Smaller teams cranking out measurable units of software every 2–4 weeks and iterating toward usable features has done wonders for software development. More emphasis on deliverables, greater accountability and better product usability. What’s not to love?

There is, however, one critical part of product management that got lost in the shuffle!

The Critical Part of Product Management That Got Lost

There’s one part of product management that’s been lost with agile development — longer-term value-based plans that map to customer strategies, goals and priorities.

With agile, you have multiple product managers/owners fully consumed with grooming their backlogs and feeding stories to their agile teams. They have little or no bandwidth to focus on the bigger picture strategy. How do all those incremental problem-solving features in each product come together collectively to create high-value solutions for the customer?

Sure, users find plenty of value in new features and usability improvements. But how does the collection of features across multiple products and releases come together to produce business outcomes that are strategic to the customer? Is there a longer-term vision or plan for helping your target customers break down their organizational silos so they can serve their customers better?

The Irony of Agile Development

Here’s the irony. The dedicated product owner role, a staple of agile development and one of the best things about it, was supposed to free product managers from the day to day development minutia so they could be more focused on bigger-picture requirements and higher-value solutions.

But we’ve come full circle. Just like the waterfall days when most product managers also wore the business analyst/SME hat, most product managers in agile environments are also wearing the product owner hat. And just like the waterfall days, they have far too little time for the critical upstream product management activities because they’re consumed with the day-to-day development process.

Here’s the bottom line.
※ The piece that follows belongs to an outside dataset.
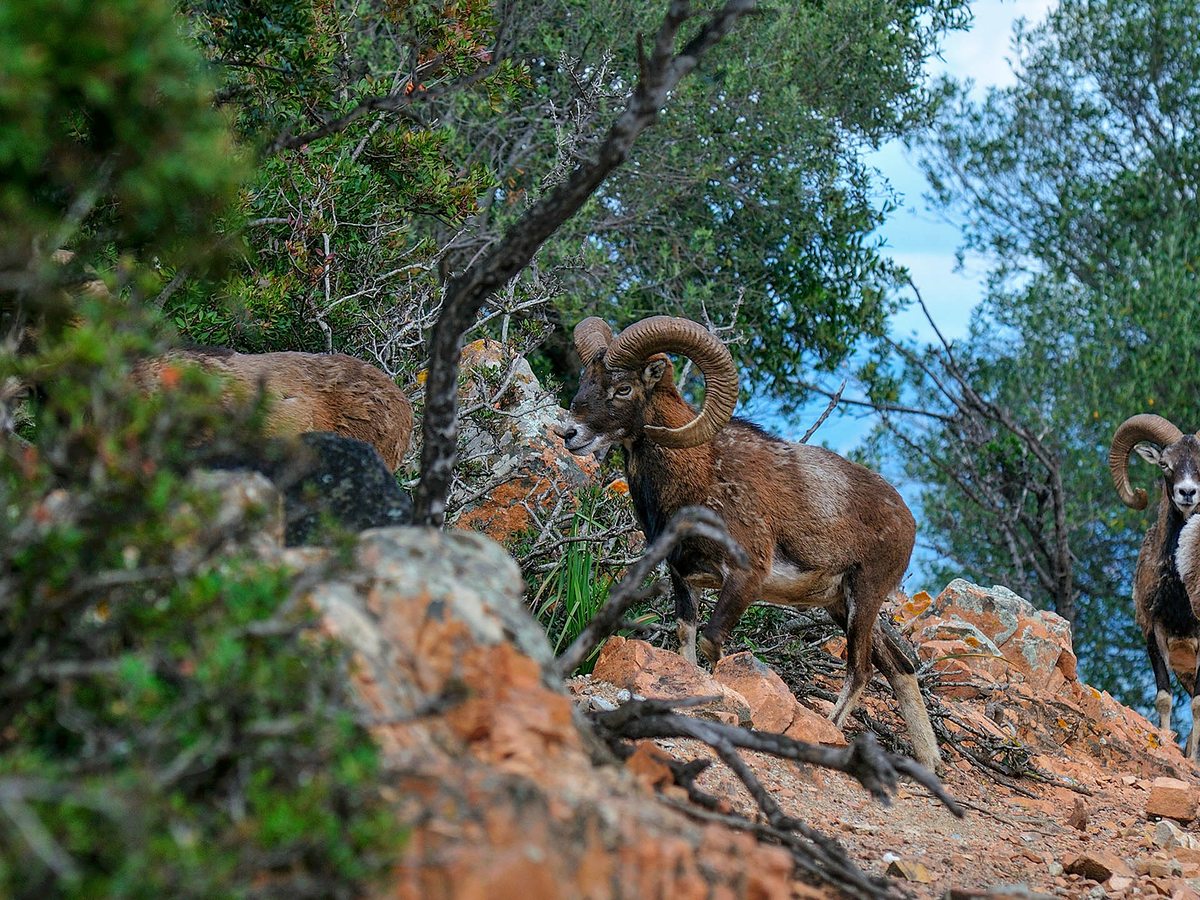 Two horned mouflon standing among red rocks and low scrub on a wooded slope in the resort grounds.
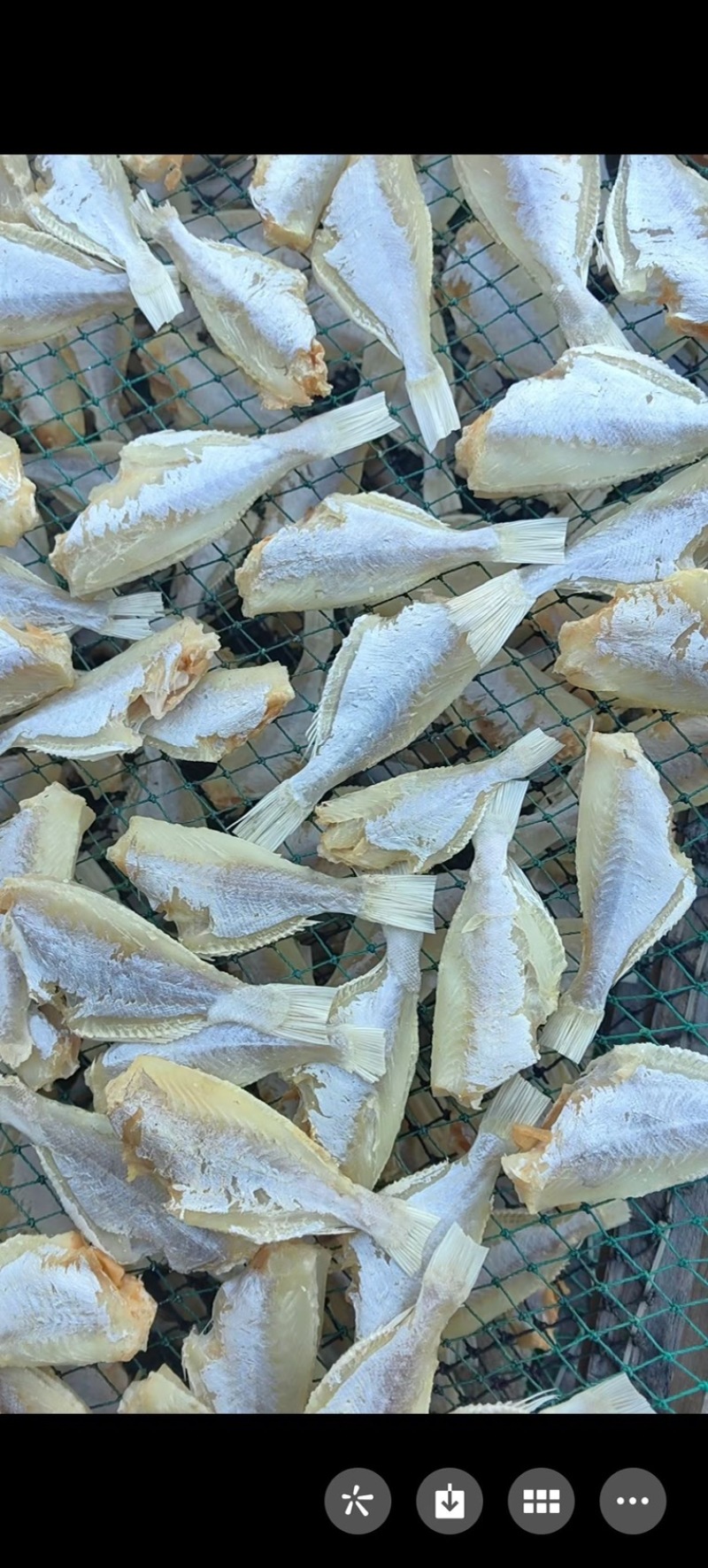剥皮鱼干地摊电商批发中目肉大目肉鱼干干鱼扒皮鱼干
The factory (product development) came up with a better way to build and deliver software. But in no way, shape or form did agile development change how your target customers define their business goals and priorities. It didn’t eliminate or lessen the need for product management to craft a longer-term vision and execution plans that deliver greater strategic value to the customer above and beyond user benefits.

The only thing that really needed to change with agile was how those longer-term plans and requirements were parsed and fed to agile development teams.

Originally published at https://www.proficientz.com on July 23, 2020.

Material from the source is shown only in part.